Apple fights websites selling access to iOS6 beta code

Apple is cracking down on websites that sell access to pre-release, beta versions of its iOS6 iPhone and iPad software. Beta software is incomplete, and Apple only makes it available to software developers for testing purposes.

The websites charge about $10 (£6.45) to register an individual device so that it can run iOS6 beta software. Apple has sent legal notices to web-hosting companies requesting that they disable the websites.

Apple offers the latest finished versions of its iOS mobile operating system free, but charges registered developers $99 (£65) to access beta versions.

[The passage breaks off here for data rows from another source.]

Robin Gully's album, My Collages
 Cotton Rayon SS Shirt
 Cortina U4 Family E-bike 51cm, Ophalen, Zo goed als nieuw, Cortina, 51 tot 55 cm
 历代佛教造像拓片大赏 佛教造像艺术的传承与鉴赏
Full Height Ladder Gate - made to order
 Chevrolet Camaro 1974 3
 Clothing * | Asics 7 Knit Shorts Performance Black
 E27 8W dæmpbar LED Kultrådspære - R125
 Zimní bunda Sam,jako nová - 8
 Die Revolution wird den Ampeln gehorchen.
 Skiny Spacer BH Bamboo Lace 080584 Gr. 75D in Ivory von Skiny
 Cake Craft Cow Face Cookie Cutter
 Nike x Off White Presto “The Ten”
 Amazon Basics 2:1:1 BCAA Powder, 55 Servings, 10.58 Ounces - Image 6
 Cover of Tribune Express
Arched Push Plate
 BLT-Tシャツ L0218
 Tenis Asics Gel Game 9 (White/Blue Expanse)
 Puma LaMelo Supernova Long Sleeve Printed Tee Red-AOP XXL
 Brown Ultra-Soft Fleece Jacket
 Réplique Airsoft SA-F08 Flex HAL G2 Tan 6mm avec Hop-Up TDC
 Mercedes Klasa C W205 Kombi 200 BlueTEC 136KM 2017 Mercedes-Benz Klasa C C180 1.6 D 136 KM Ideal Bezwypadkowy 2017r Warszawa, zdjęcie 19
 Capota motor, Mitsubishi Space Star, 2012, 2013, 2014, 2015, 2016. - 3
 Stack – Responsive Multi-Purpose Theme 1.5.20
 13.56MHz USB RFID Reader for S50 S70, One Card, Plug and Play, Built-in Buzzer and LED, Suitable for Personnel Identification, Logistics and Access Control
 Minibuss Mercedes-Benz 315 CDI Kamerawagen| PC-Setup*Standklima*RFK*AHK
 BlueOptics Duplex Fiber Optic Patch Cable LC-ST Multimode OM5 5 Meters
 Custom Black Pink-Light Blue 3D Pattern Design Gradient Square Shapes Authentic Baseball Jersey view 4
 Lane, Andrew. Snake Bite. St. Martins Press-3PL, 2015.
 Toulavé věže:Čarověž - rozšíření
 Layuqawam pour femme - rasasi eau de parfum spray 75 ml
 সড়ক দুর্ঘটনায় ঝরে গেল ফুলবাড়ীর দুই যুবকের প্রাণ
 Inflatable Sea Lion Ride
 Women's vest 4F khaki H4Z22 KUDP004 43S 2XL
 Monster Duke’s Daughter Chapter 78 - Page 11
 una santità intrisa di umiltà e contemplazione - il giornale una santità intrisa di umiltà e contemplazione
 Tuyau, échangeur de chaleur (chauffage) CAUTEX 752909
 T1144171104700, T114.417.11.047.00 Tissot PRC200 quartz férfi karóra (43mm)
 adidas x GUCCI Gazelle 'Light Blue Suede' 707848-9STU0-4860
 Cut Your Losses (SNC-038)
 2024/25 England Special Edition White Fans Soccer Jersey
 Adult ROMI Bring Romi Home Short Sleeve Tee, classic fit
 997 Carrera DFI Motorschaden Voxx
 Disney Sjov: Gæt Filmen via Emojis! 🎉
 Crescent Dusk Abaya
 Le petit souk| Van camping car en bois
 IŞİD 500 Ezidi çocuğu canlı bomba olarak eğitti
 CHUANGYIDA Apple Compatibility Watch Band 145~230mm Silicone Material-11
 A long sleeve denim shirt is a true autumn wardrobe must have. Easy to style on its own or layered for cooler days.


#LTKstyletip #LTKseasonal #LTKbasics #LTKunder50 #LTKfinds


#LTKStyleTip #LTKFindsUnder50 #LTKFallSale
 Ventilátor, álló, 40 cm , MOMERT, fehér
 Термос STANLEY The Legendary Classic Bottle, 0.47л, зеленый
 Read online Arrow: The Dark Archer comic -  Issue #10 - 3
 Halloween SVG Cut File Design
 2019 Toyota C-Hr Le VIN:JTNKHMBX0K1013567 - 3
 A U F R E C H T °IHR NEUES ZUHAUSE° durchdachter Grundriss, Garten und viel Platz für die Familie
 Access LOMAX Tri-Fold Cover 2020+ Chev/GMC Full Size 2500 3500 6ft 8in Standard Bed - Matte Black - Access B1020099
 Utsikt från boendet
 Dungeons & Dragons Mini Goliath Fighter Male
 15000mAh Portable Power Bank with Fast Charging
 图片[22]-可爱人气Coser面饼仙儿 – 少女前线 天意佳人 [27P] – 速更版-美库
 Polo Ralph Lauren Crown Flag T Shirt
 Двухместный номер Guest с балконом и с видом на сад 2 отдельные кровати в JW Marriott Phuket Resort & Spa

This payment entitles developers to "activate" the Unique Device IDentifier (UDID) numbers of up to one hundred iOS devices with Apple so that they can run iOS 6 beta software. iOS6 is expected to be released later this year.

Activation websites register developer accounts and pay Apple for a hundred device activations, and then sell these off individually at a profit.

"We have paid the fees and done all the work. All you have to do is register your iOS device on our account. Once you register, you'll be able to download the beta firmware and install it on your device," promises one activation site.

Within the last month Apple has issued DMCA (Digital Millennium Copyright Act) takedown notices to Fused, a Seattle-based web-hosting company, in relation to activation websites it hosts, according to Fused chief executive David McKendrick.

A DMCA takedown notice is a formal way for a copyright holder or their agent to demand removal of allegedly infringing content from the Internet.

The sites in question had been active for three months, Mr McKendrick said, and Apple claimed in the notices that they breached its developer agreement or facilitated copyright infringement.

"This is definitely a new move on Apple's part," he said. Apple prohibits developers from providing pre-release software to anyone other than their employees and contractors who have a "demonstrable" need to use it to develop and test applications on their behalf.

But Mr McKendrick added that Apple's action was unlikely to be effective, because many of the sites in question were in the process of moving their sites to hosting firms based outside the US.

"Apple is definitely fighting a losing battle on this one. Unless they go directly after the developer accounts abusing the process, they have little chance scrubbing these sites off the web," he said.